### [Records for the task]
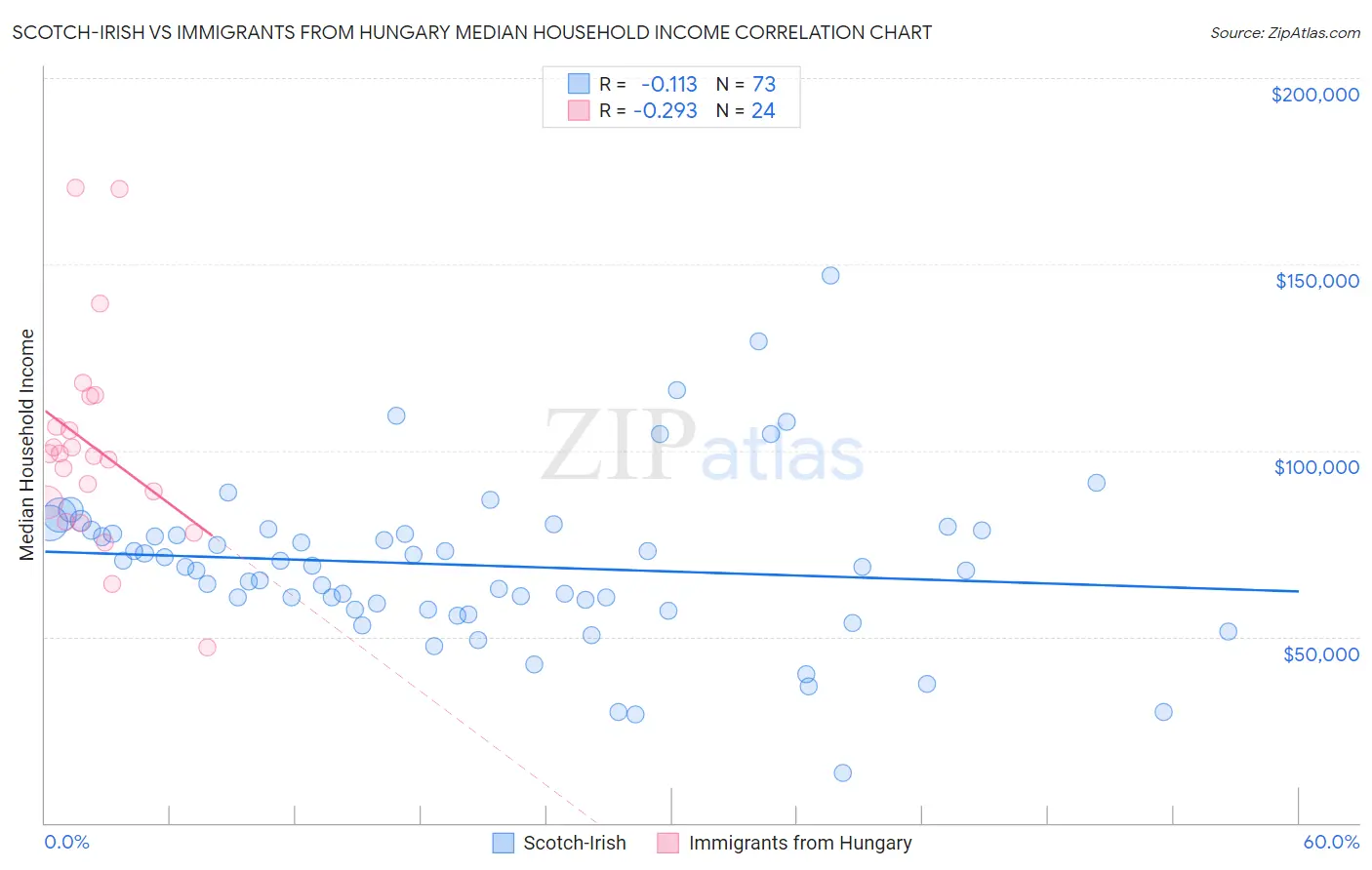 Scotch-Irish vs Immigrants from Hungary Median Household Income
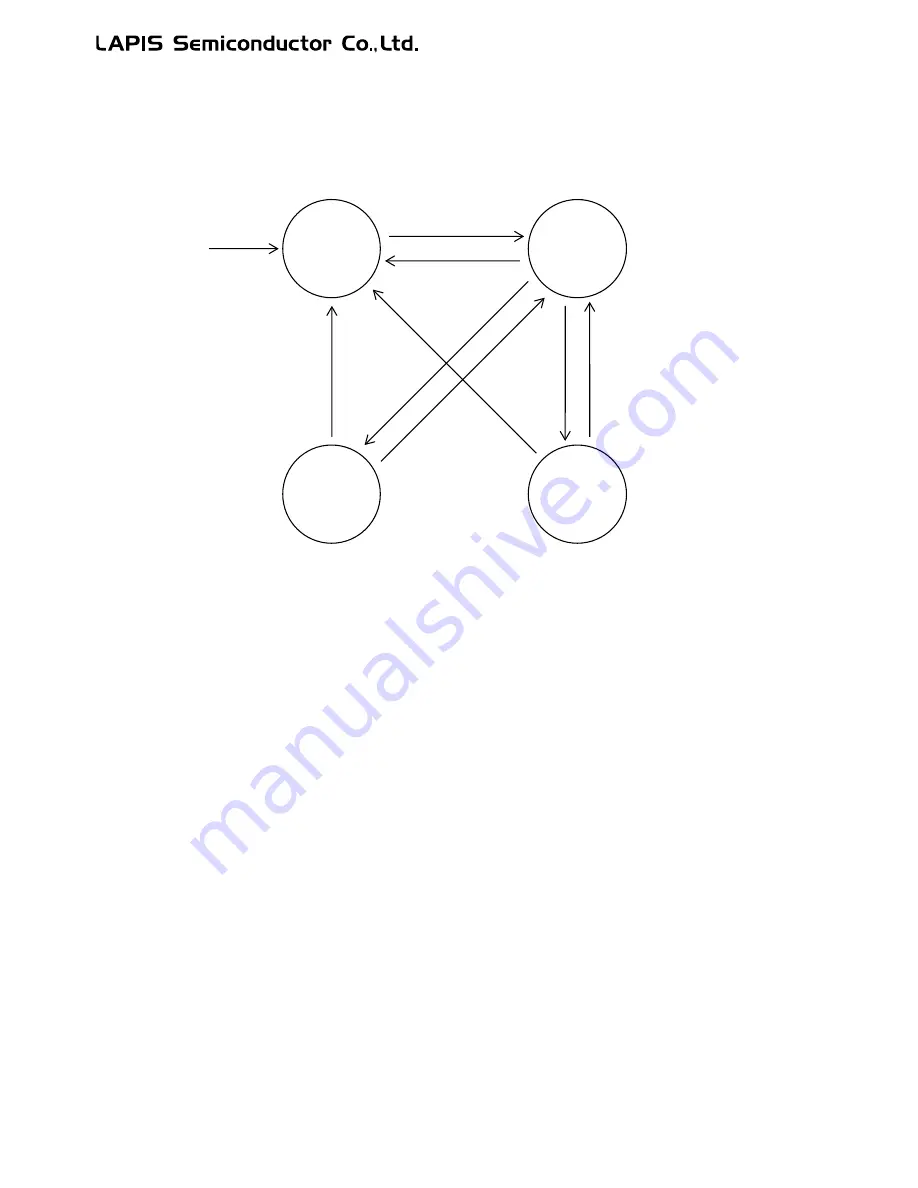 LAPIS Semiconductor ML62Q1000 Series User Manual Download Page 169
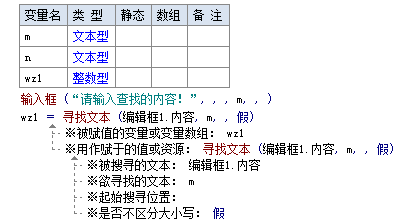 易语言文本操作命令用法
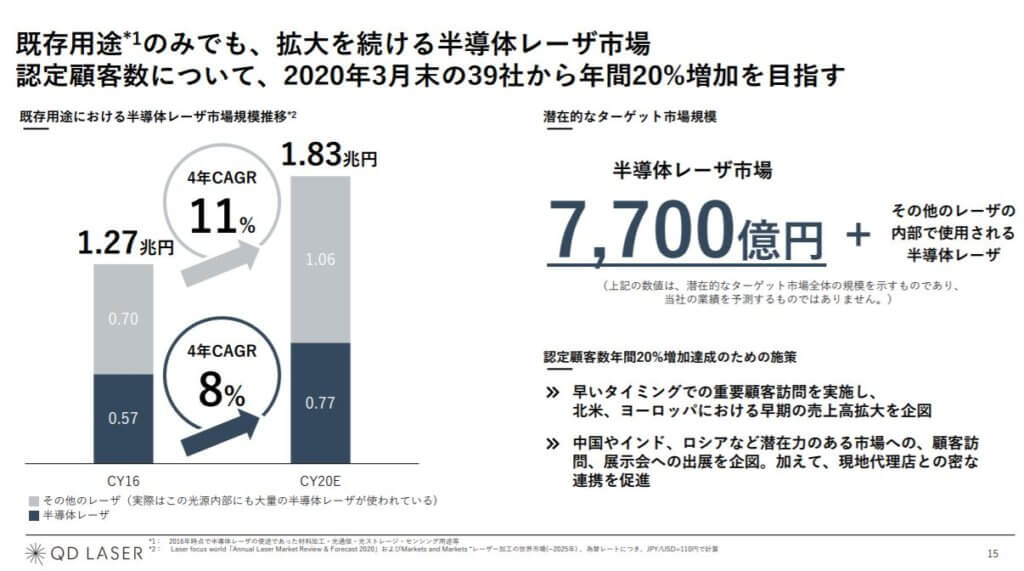 企業分析-株式会社QDレーザ(6613) 画像15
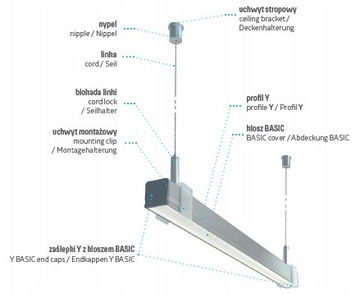 PROFIL ALUMINIOWY Y BIAŁY 2M DO TAŚM LED
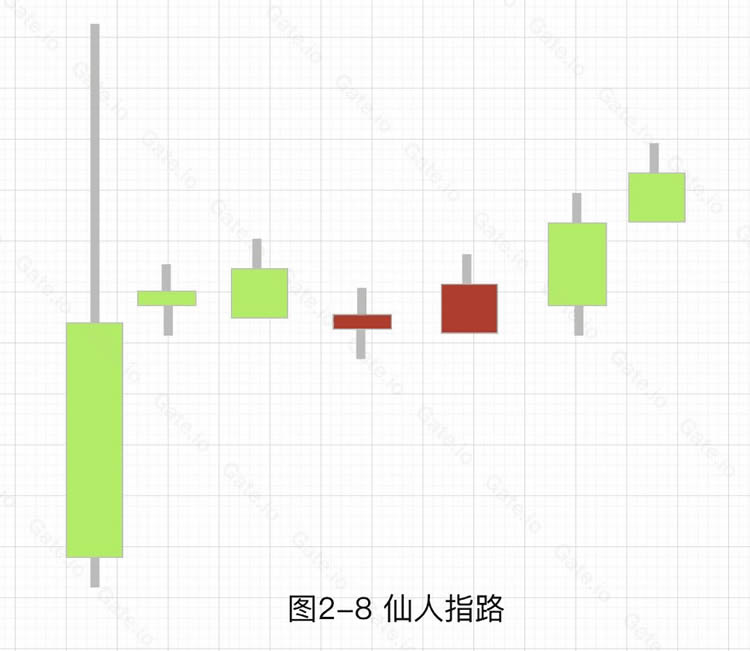 加密货币技术分析:常见上涨/下跌K线组合基础知识
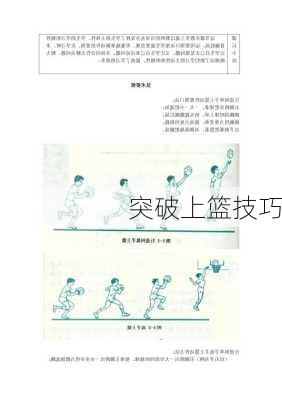 突破上篮技巧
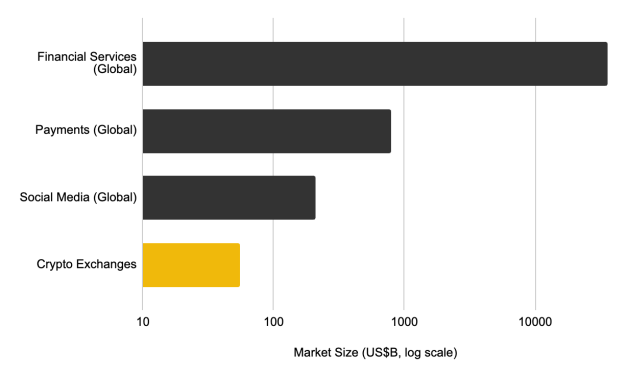 Cross-Border Payments on Crypto Infrastructure: The $857 Billion Opportunity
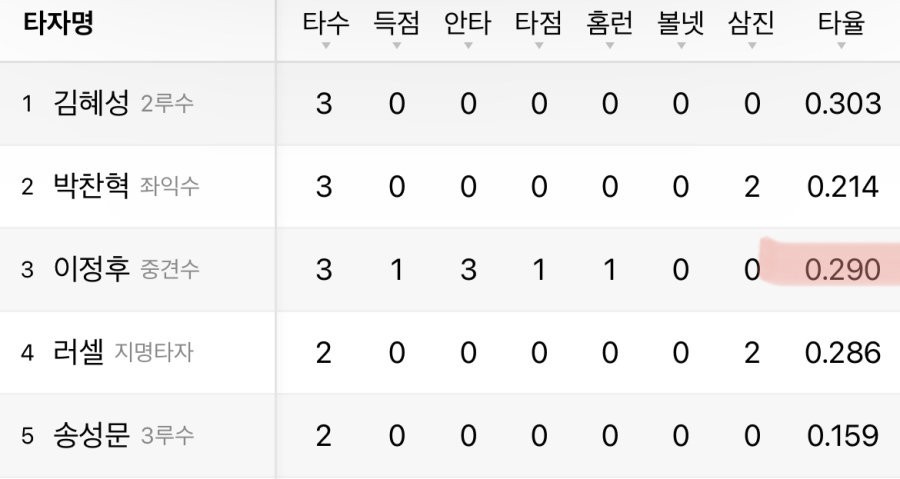 Lee Jung-hoo's batting average reached 290 (jpㄷjpg)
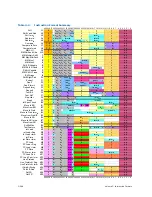 Preview for 305 page of Intel Itanium 9150M Manual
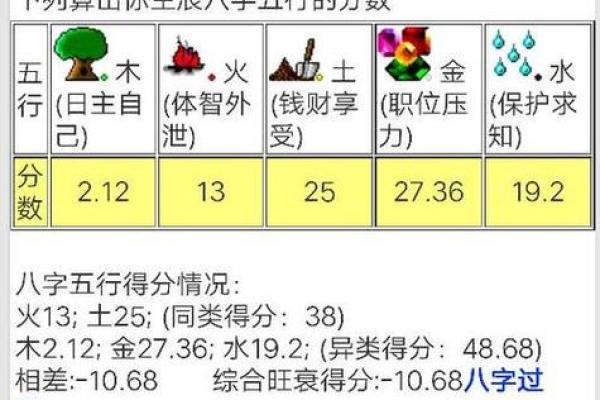 八字男命，娶得美女的秘密：探寻魅力与命运的交汇点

### [Task to carry out]
Please give back every line above exactly as it stands, without pictures.

### [Exercise output]
 Scotch-Irish vs Immigrants from Hungary Median Household Income
 LAPIS Semiconductor ML62Q1000 Series User Manual Download Page 169
 易语言文本操作命令用法
 企業分析-株式会社QDレーザ(6613) 画像15
 PROFIL ALUMINIOWY Y BIAŁY 2M DO TAŚM LED
 加密货币技术分析:常见上涨/下跌K线组合基础知识
 突破上篮技巧
 Cross-Border Payments on Crypto Infrastructure: The $857 Billion Opportunity
 Lee Jung-hoo's batting average reached 290 (jpㄷjpg)
 Preview for 305 page of Intel Itanium 9150M Manual
 八字男命，娶得美女的秘密：探寻魅力与命运的交汇点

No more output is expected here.